Vienna can be a confounding place for an outsider. In one moment, the city projects itself confidently into an innovative, international future and yet in the next moment can appear irrevocably bound to traditions.
Being forward-minded in dispute resolution, Vienna is host this week to the IBA-VIAC International Mediation and Negotiation Competition, a four-day event in which 16 teams will seek to use consensual dispute resolution to resolve the problems of the 2015 Vis Moot Competition, which is itself hosted in Vienna. And, lest anyone forget, the Vienna International Arbitration Centre (VIAC), a regional and global leader in dispute resolution, will celebrate its 40th birthday this coming September.
Also this week in Vienna, the UNCITRAL Commission will discuss whether its Working Group II should start work on an international convention for the enforcement of mediated settlement agreements.
Among the countries that will be deciding the fate of the proposed convention, some have raised concerns that appear rooted in the past or that do not appreciate how modern mediation practice has developed.
For example, one country lamented in its comments to the proposal that, “there seem to exist no standards for mediation/conciliation proceedings (both on the national and on the international level) that warrant sufficient trust in the proceeding itself, its independence from either party and from negative influence from outside, the quality of mediators/conciliators… Such trust, however, seems indispensable if one considers rendering the result of such a proceeding directly enforceable.”
Concern over trustworthiness of the process is reasonable and it is not without precedent. Take, for example, this statement by one country’s delegate at a previous meeting on the subject of an international enforcement regime:
Some of the proposals tended to minimize judicial supervision…. In the view of his delegation, judicial supervision was of the utmost importance, for it alone could ensure that justice was done.
The above objection, however, was not made in reference to the proposed mediation convention. It comes from the May 1958 travaux préparatoires for the New York Convention on foreign arbitral awards.
And the delegation expressing this concern? The United States.

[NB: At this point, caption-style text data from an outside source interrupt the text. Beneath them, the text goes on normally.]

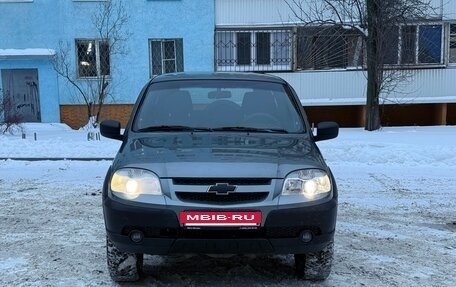 Chevrolet Niva I рестайлинг, 2016 год, 670 000 рублей, 2 фотография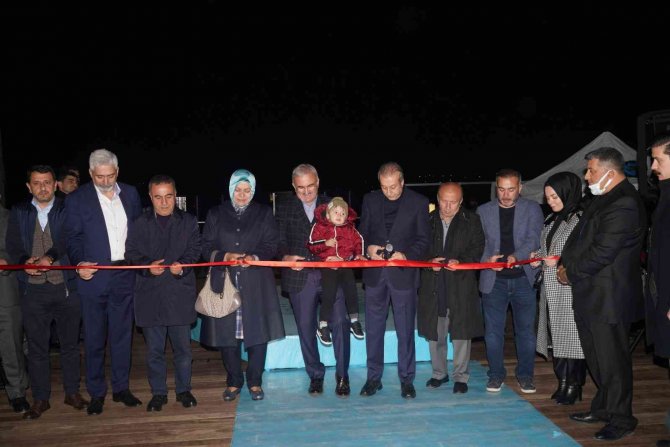 Diyarbakır’da Dicle Nehri Kıyısında ‘Cam Teras’ Açıldı
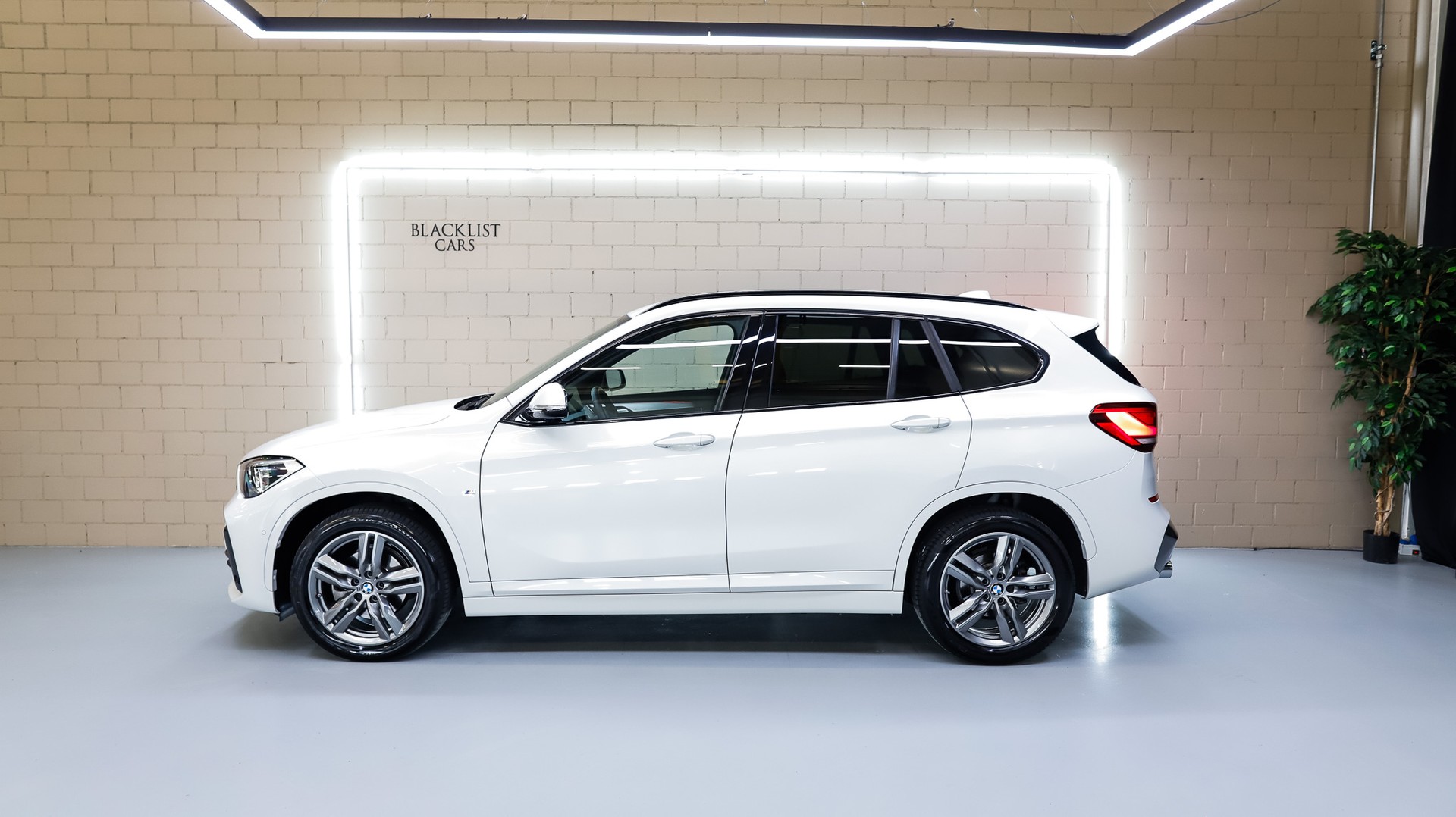 BMW X1 sDrive 18d M Sport Steptronic-image-4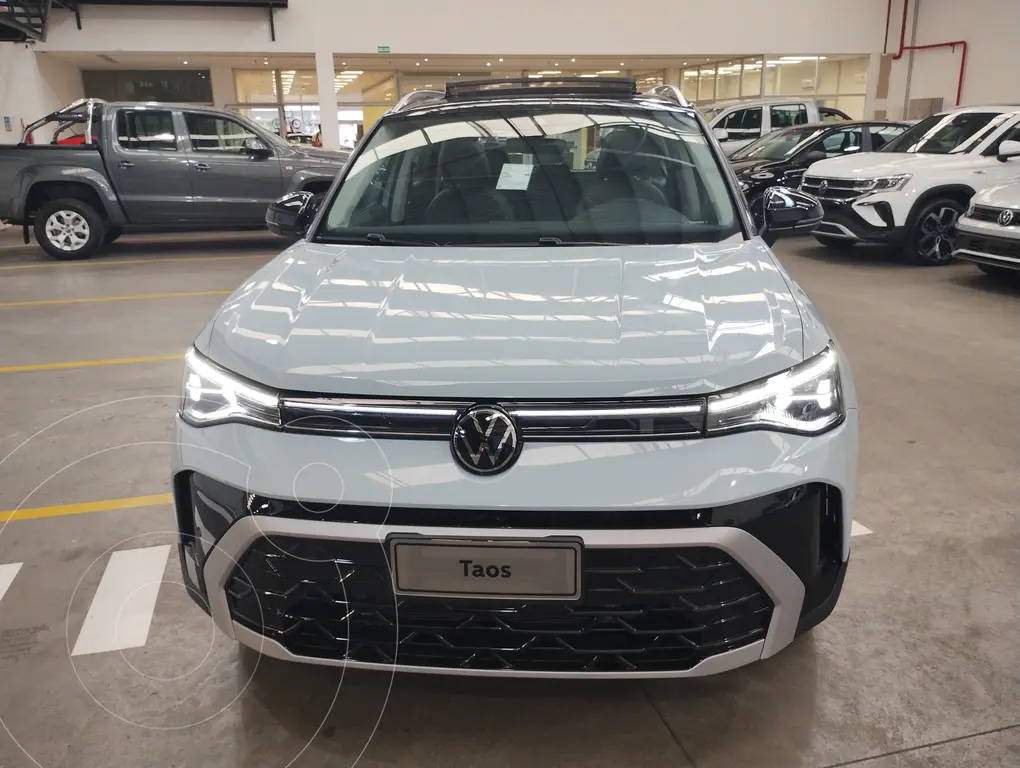 foto Volkswagen Taos Highline Aut Bitono nuevo color Azul Atlántico precio $64.000.000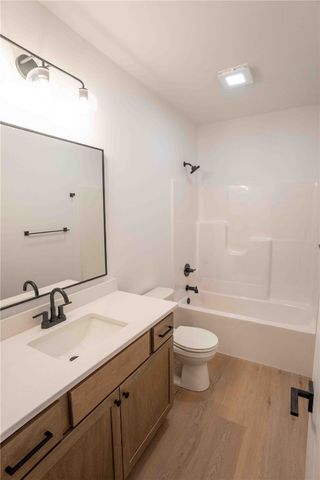 209 Fieldstone Circle, Marion, IA 52302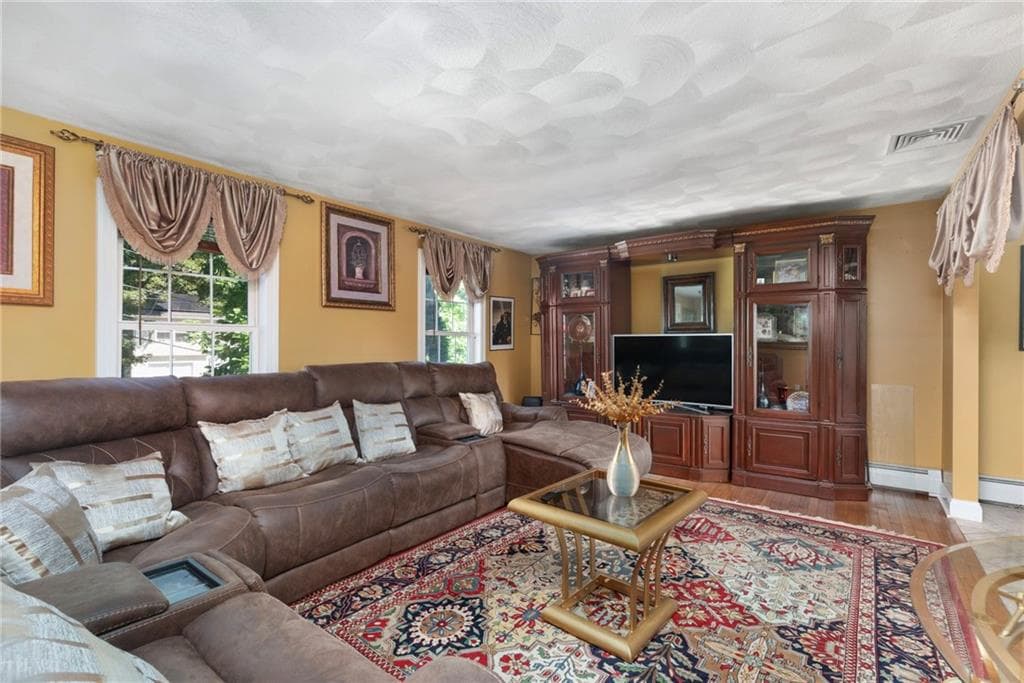 90 Rowley Street - Photo 2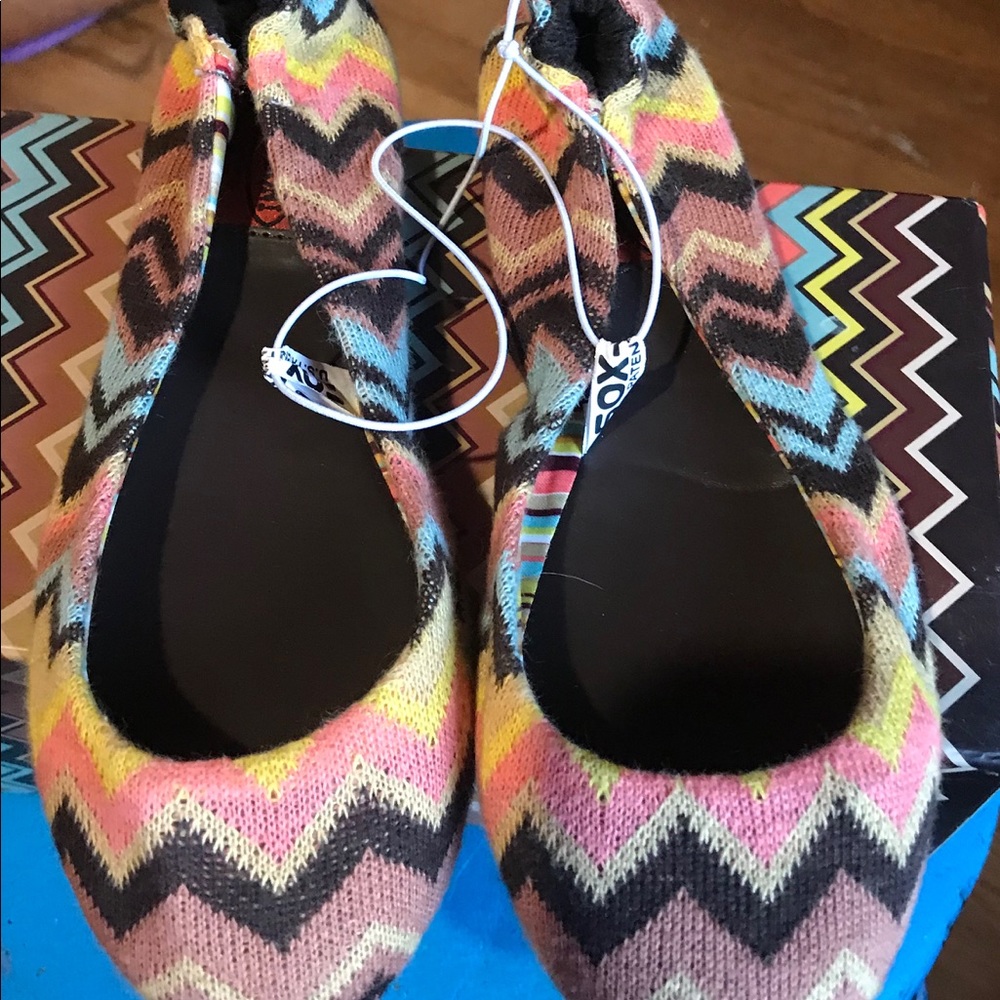 Girls ballet flats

As everyone today knows, the New York Convention went on to become the primary motor behind the growth of international arbitration, and the USA itself today has a robust international arbitration practice.
Objections to the New York Convention in 1958 were based on how dispute resolution was perceived and practiced at the time. Since then, decades of practice and legislative adaptation have shown them to be largely unfounded.
If concern over standards were equally applicable to both mediation and arbitration, it would put mediation in a good light. Mediation today is ahead of arbitration in developing national and international standards, and it should be undisputed that modern mediation practice is leaps and bounds beyond where arbitration was in 1958.
In many countries, mediators are regularly subjected to certification and continuing legal education requirements, while arbitrators are not. In fact, the UNCITRAL commissioners need not leave Vienna to find sound examples of mediation’s deep roots domestically and the introduction of modern safeguards. In 1869, Austria established a legal basis for enforcing settlement agreements reached before municipal conciliation offices (Gemeindevermittlungsamt), and in 2004 was one of the first countries in the EU to enact a law that sets out quality standards for mediators and proceedings.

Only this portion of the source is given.